All lines from the one containing "Traktör üzerinde tarımsal" through the last line of the listing below are to be copied exactly. Exclude the pictures.
--- START ---
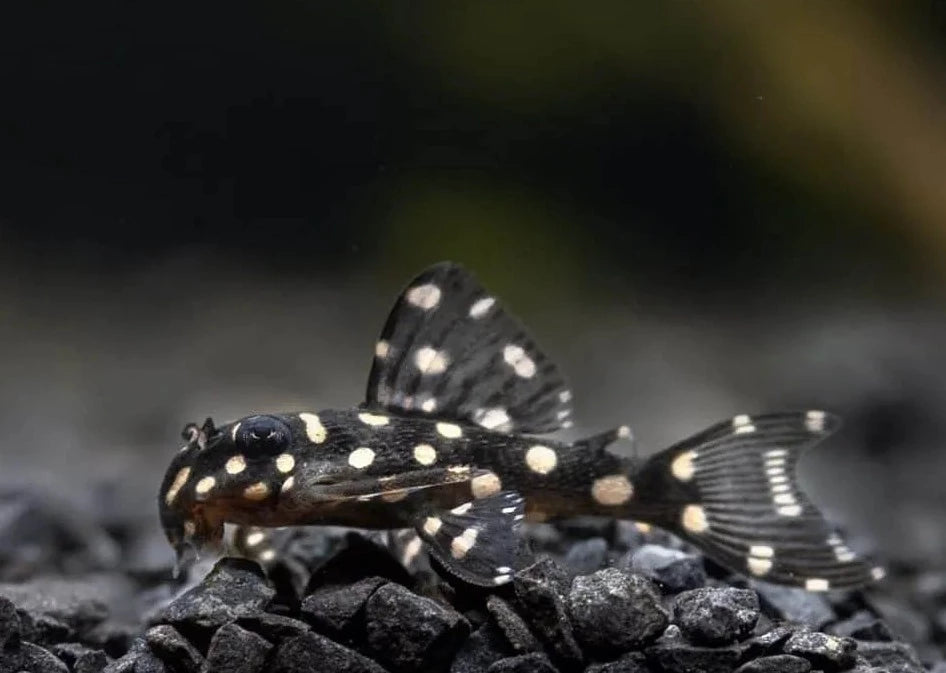 White Spotted Dwarf Pleco - L471 Small size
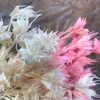 Faux Floral Greenery About 35 Flower Heads Dried Natural Flowers Branch DIY Dry Eternelle Star Anise Flower Bouquet For Home Decor Floral 230303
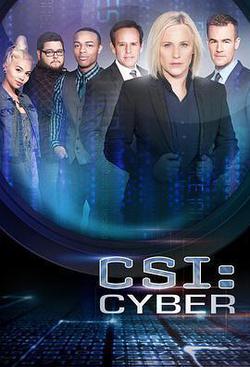 網絡犯罪調查 第二季(CSI: Cyber Season 2)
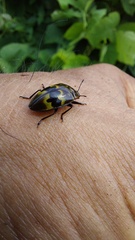 Prepopharus eduardoi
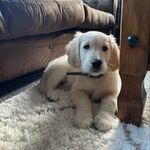 heidi the golden 🐶🐾 - @thegolden.heidi - Instagram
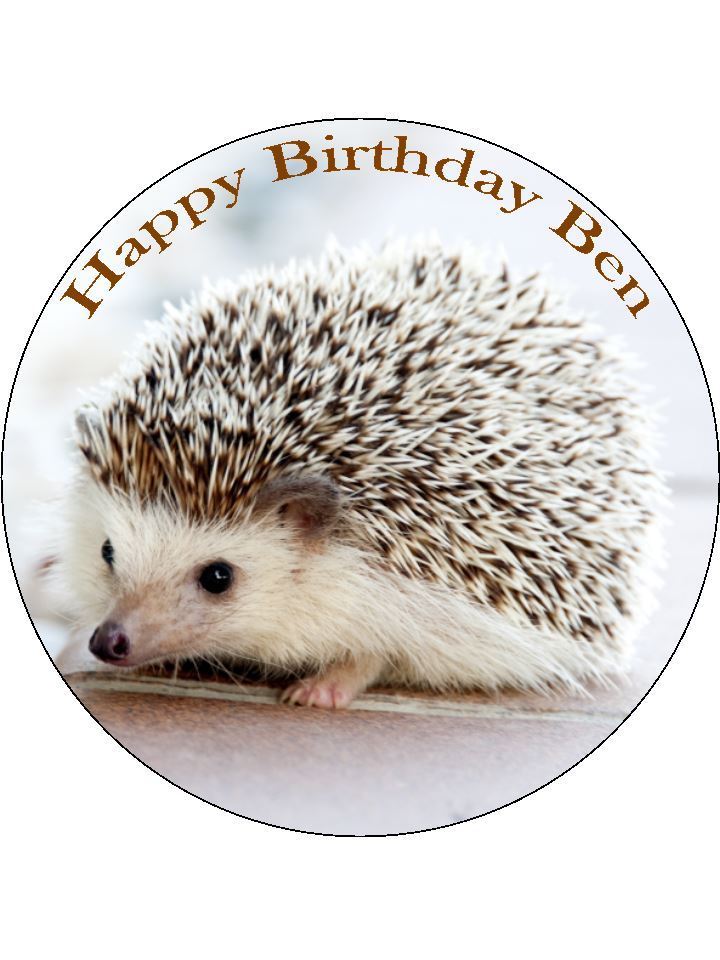 Hedgehog baby cute animal Personalised Edible Cake Topper Round Icing Sheet - The Cooks Cupboard Ltd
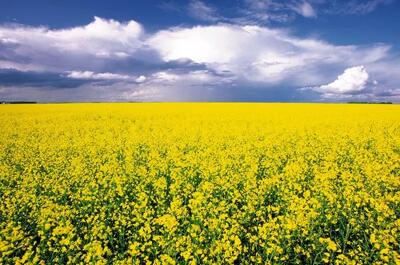 پرداخت کامل بهای خرید تضمینی محصول کلزای کشاورزان گلستانی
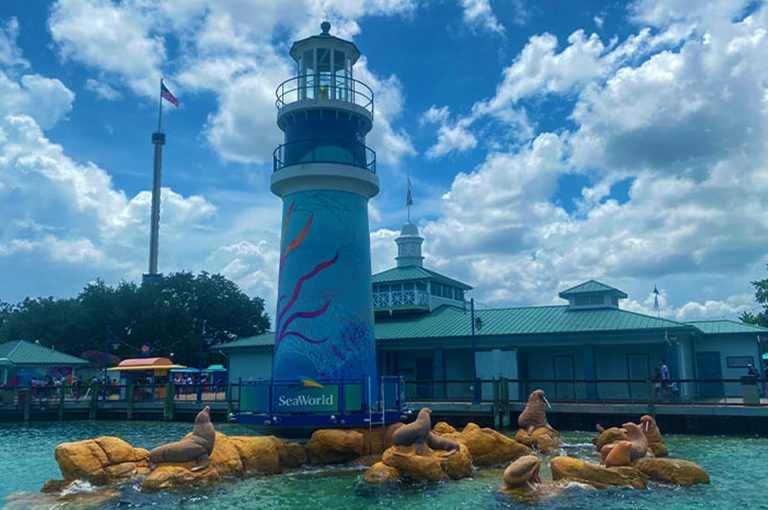 Ingressos SeaWorld Parks: qual escolher e como aproveitar tudo!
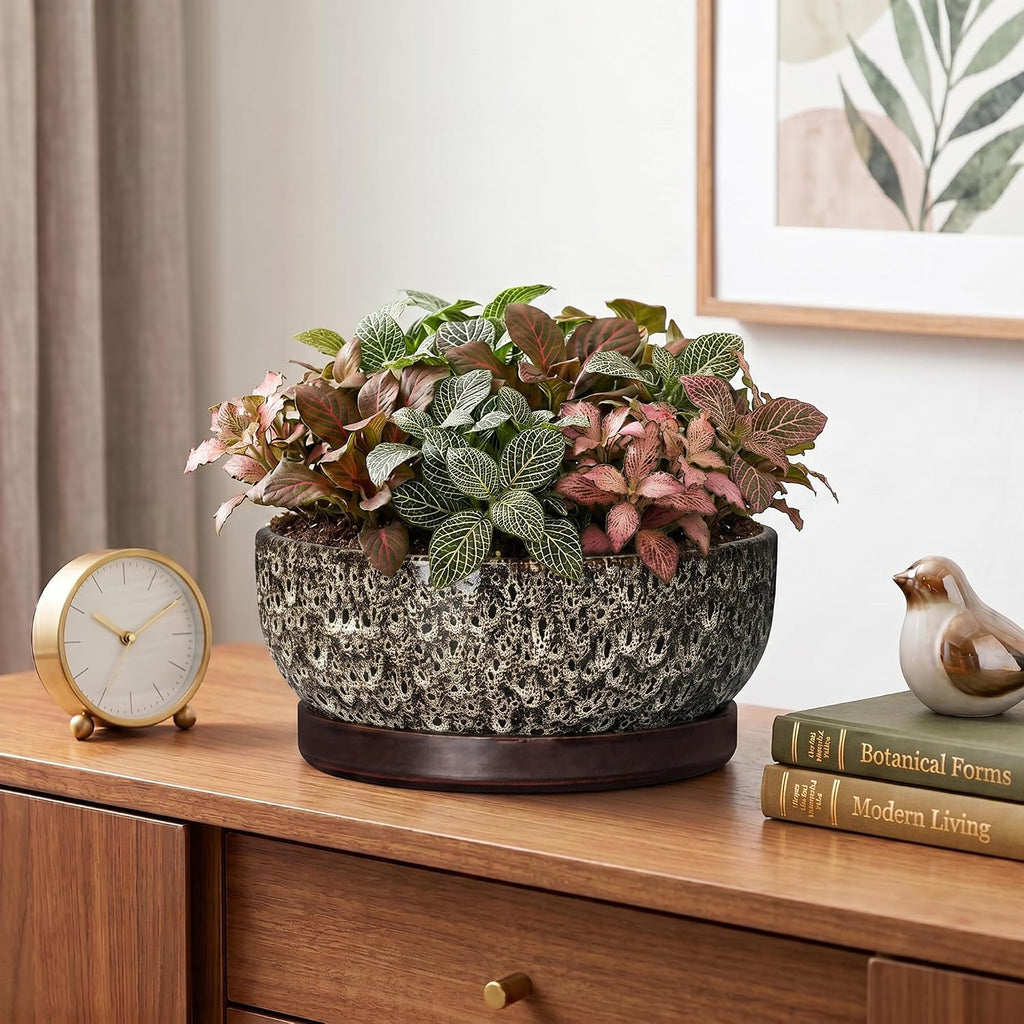 Bonsai Pots, 8 Inch Ceramic Succulent Pot with Saucer, White Leopard | Bonsai Planter for Indoor Plants, Round Shallow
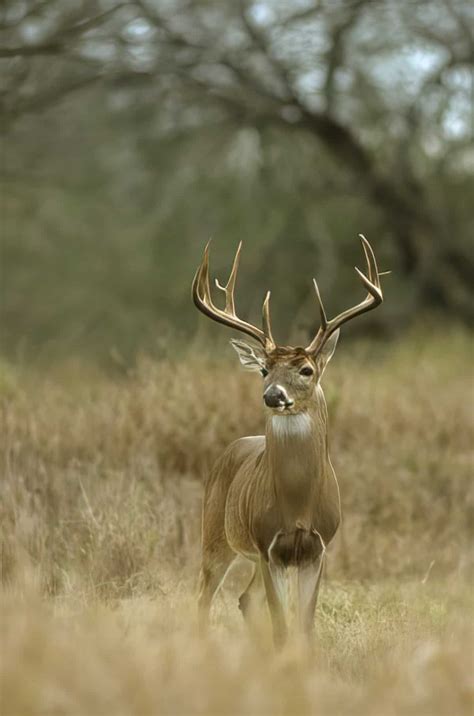 Whitetail Deer Behavior during Rut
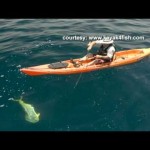 Kayak Fishing Around Coronado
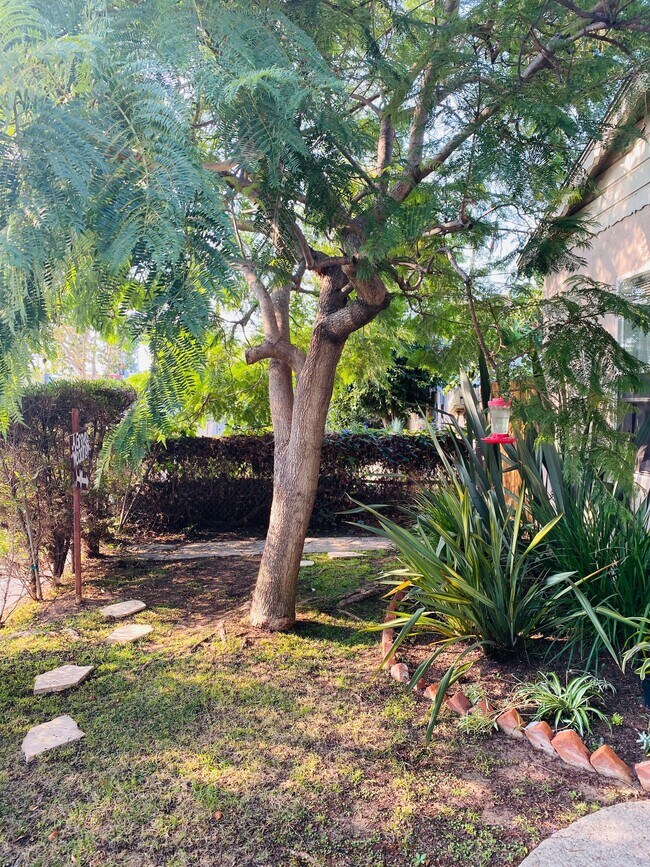 Building Photo - 2127 20th St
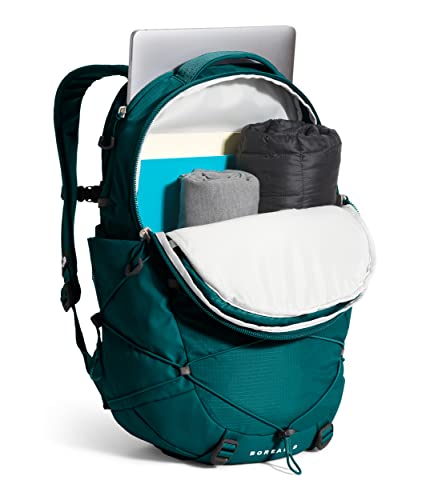 Laptop Backpack P900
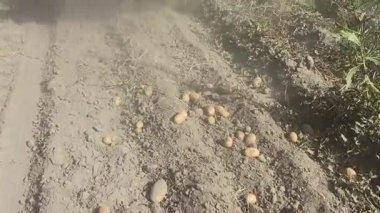 Traktör üzerinde tarımsal işler. Mekanize patates işleme. Patates sabanı. Mekanize mahsullerin tarım ürünlerinin yetiştirilmesi. Patates hasadı topluyorum. Patates kazıcı iş başında.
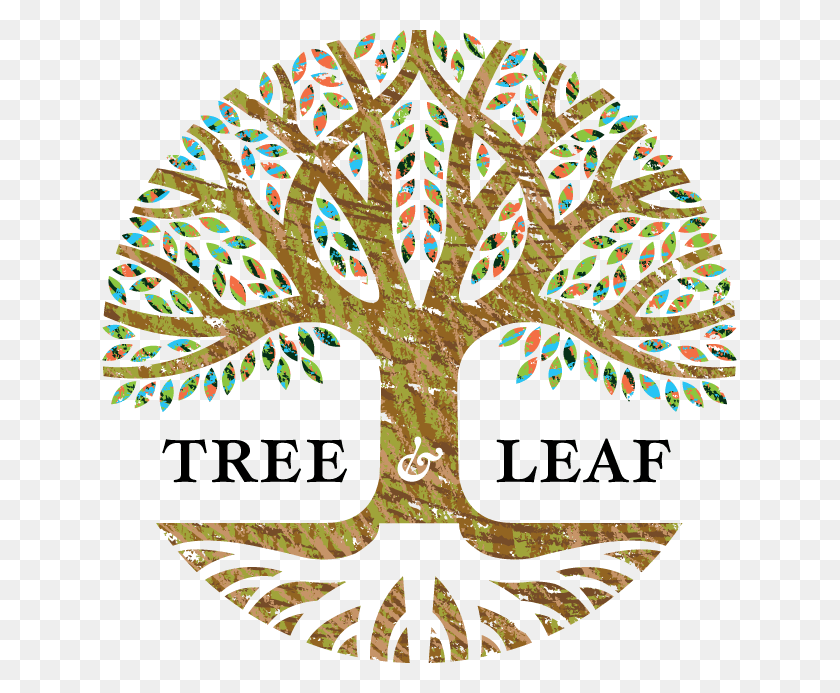 635x633 Capaces Leadership Institute, Tree, Plant HD PNG Download
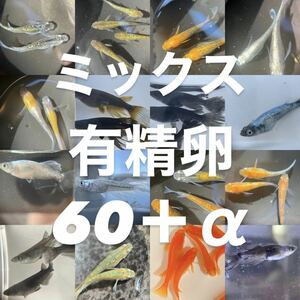 【恵智目高】ミックスメダカ 有精卵 60個＋α（検索用）メダカ めだか ラメ ヒレ長 体外光 観賞魚 鑑賞魚 熱帯魚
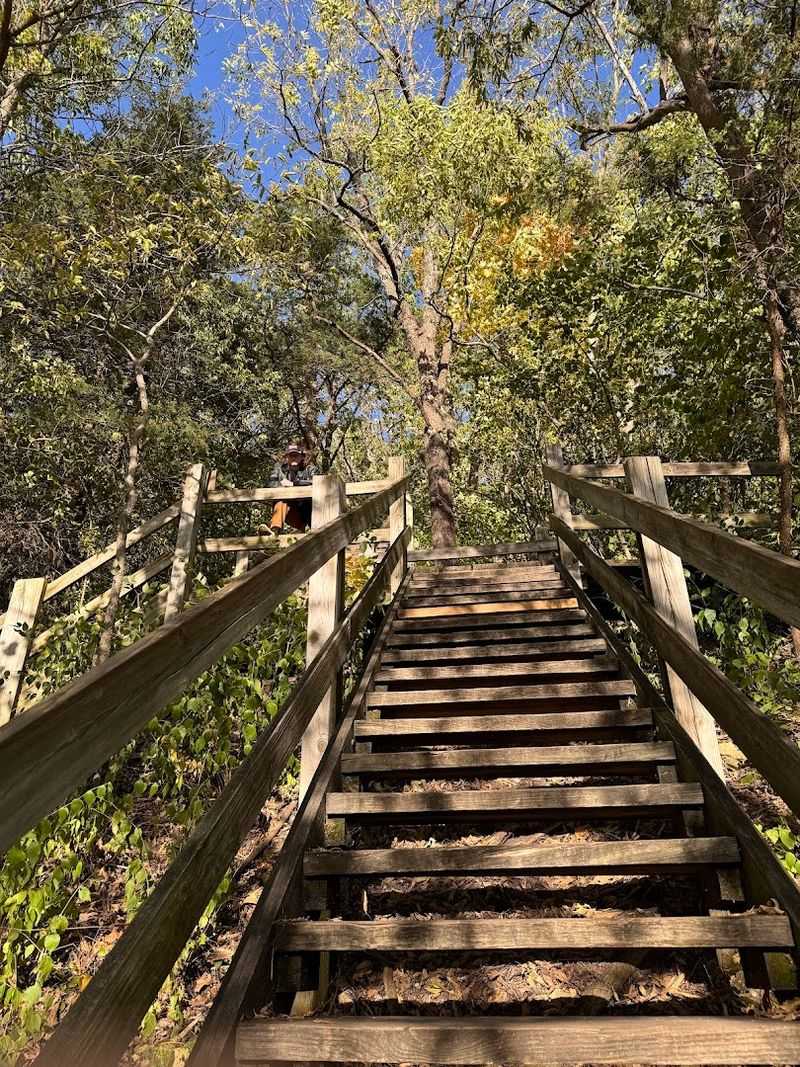Hiking Trails for Every Fitness Level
--- END ---
• Answer below
 Traktör üzerinde tarımsal işler. Mekanize patates işleme. Patates sabanı. Mekanize mahsullerin tarım ürünlerinin yetiştirilmesi. Patates hasadı topluyorum. Patates kazıcı iş başında.
 635x633 Capaces Leadership Institute, Tree, Plant HD PNG Download
 【恵智目高】ミックスメダカ 有精卵 60個＋α（検索用）メダカ めだか ラメ ヒレ長 体外光 観賞魚 鑑賞魚 熱帯魚
Hiking Trails for Every Fitness Level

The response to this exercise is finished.